▶ **Work task**:
What is needed is an exact transcription of the line containing "Spacious, unfurnished interior" and every line after it through the end of the entries below, with no pictures.

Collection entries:
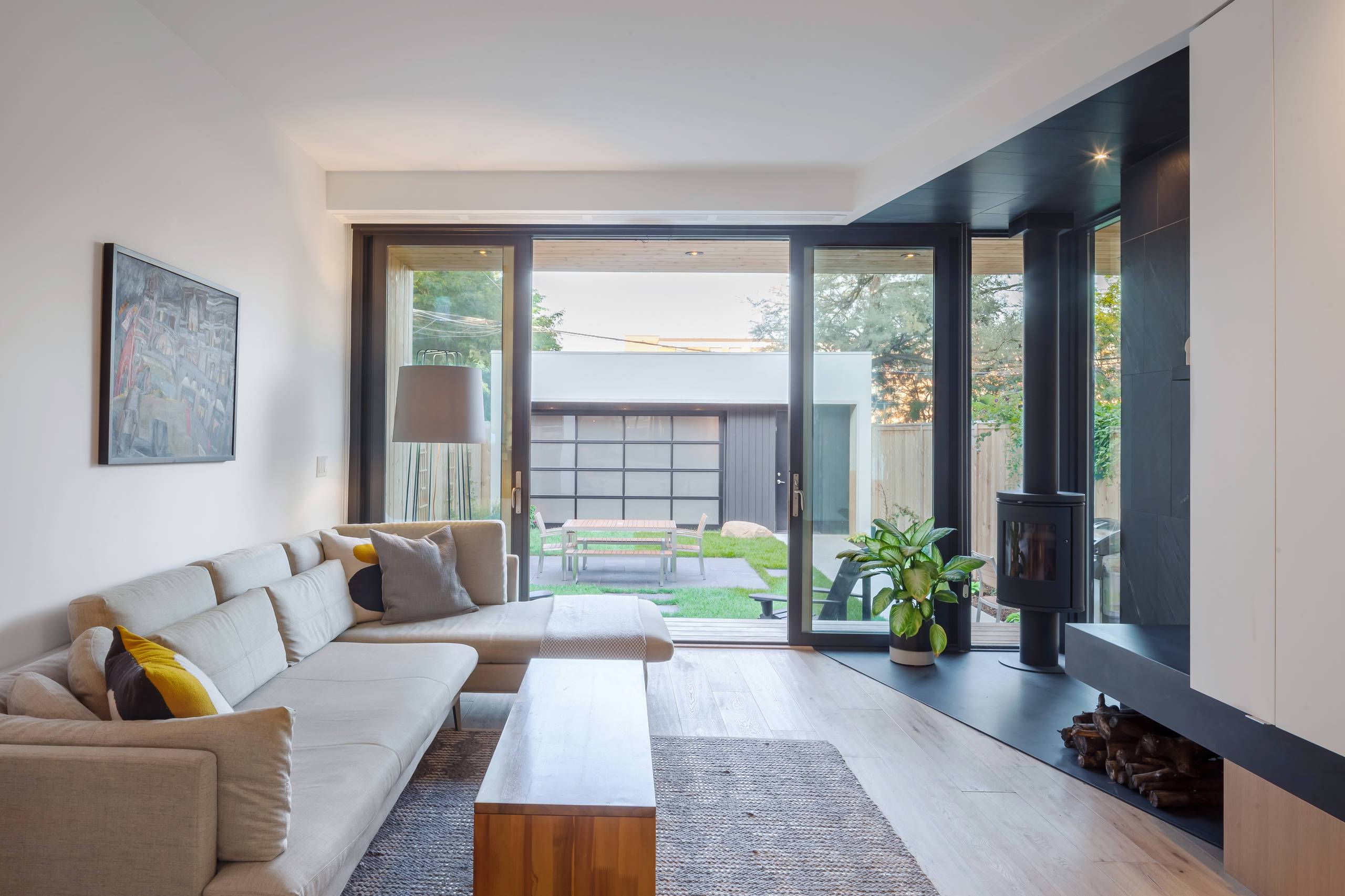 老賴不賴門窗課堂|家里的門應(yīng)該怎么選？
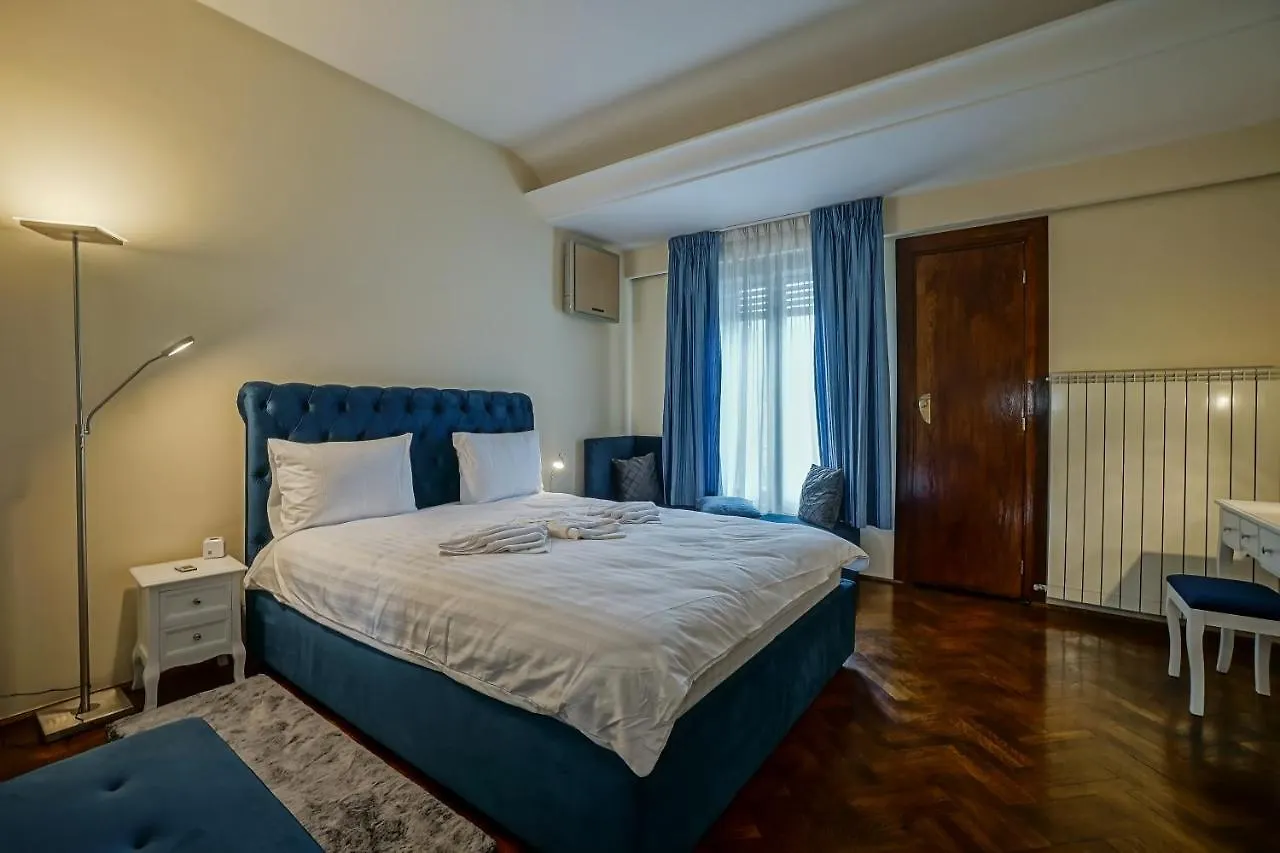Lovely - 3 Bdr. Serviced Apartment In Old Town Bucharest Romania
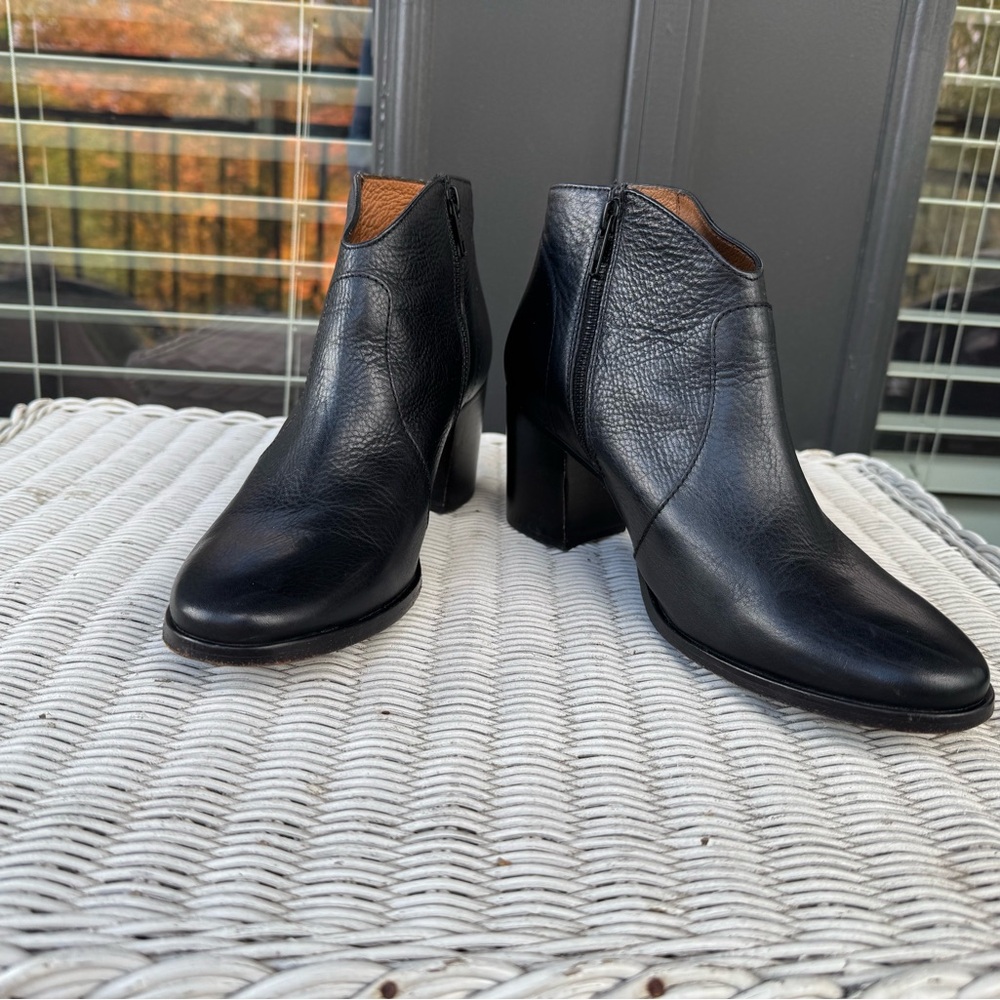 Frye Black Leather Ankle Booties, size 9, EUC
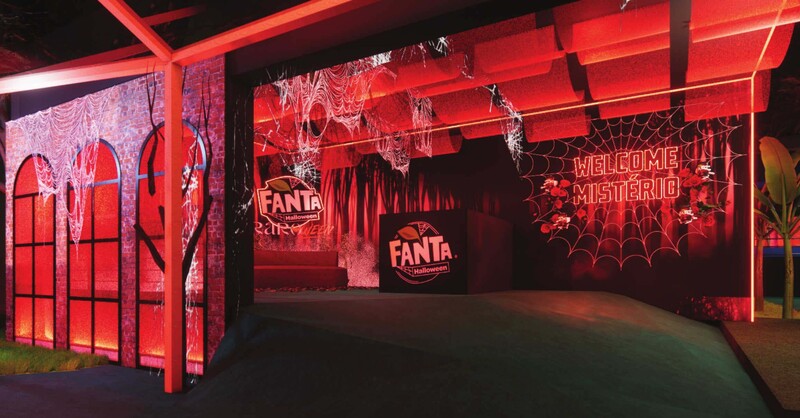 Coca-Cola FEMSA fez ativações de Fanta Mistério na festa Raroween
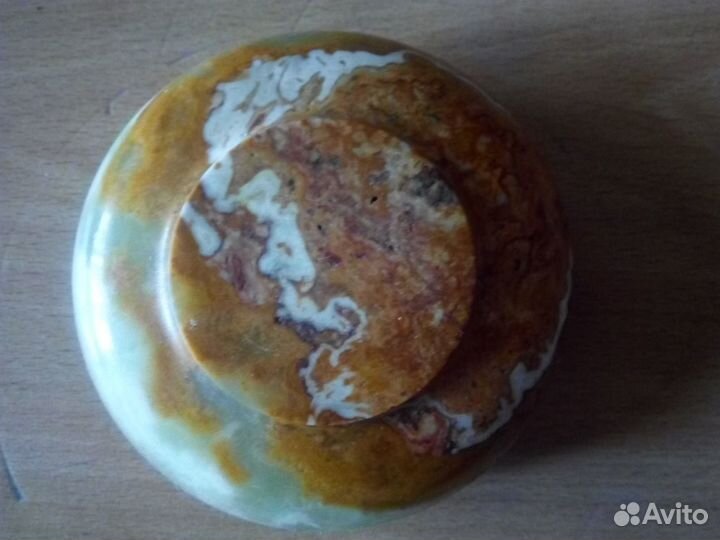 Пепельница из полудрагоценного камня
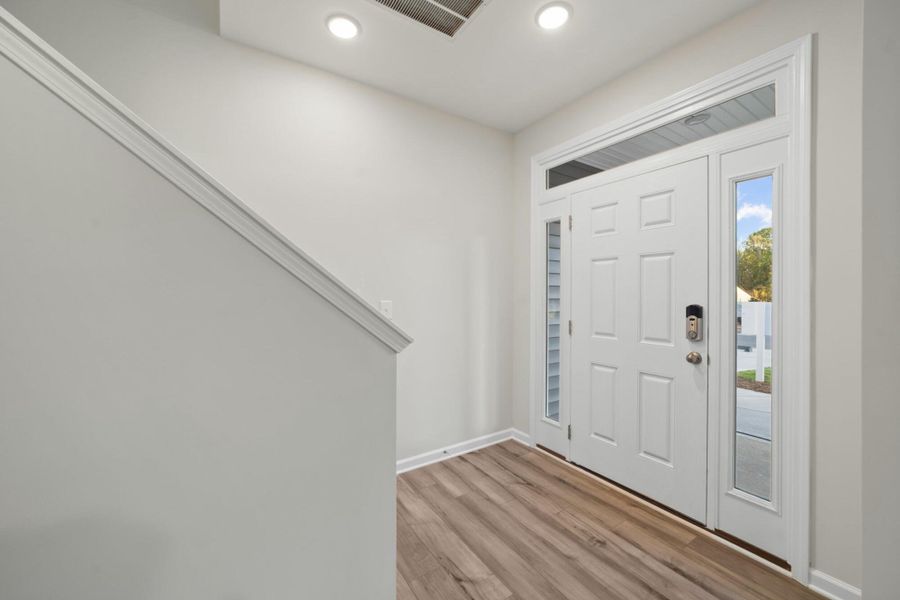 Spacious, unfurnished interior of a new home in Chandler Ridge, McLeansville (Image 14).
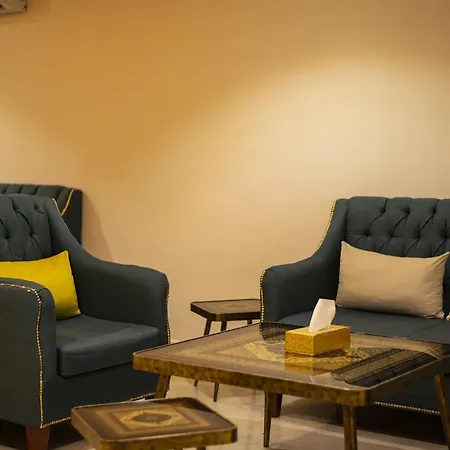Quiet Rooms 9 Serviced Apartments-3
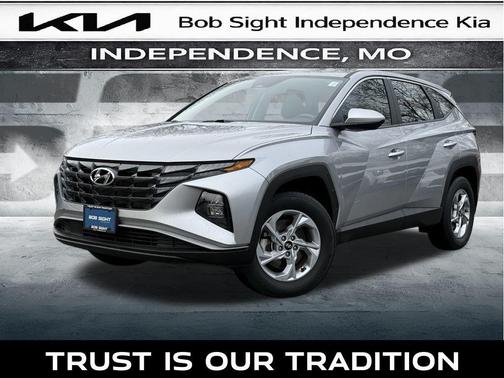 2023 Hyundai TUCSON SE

▶ **Exercise output**:
 Spacious, unfurnished interior of a new home in Chandler Ridge, McLeansville (Image 14).
Quiet Rooms 9 Serviced Apartments-3
 2023 Hyundai TUCSON SE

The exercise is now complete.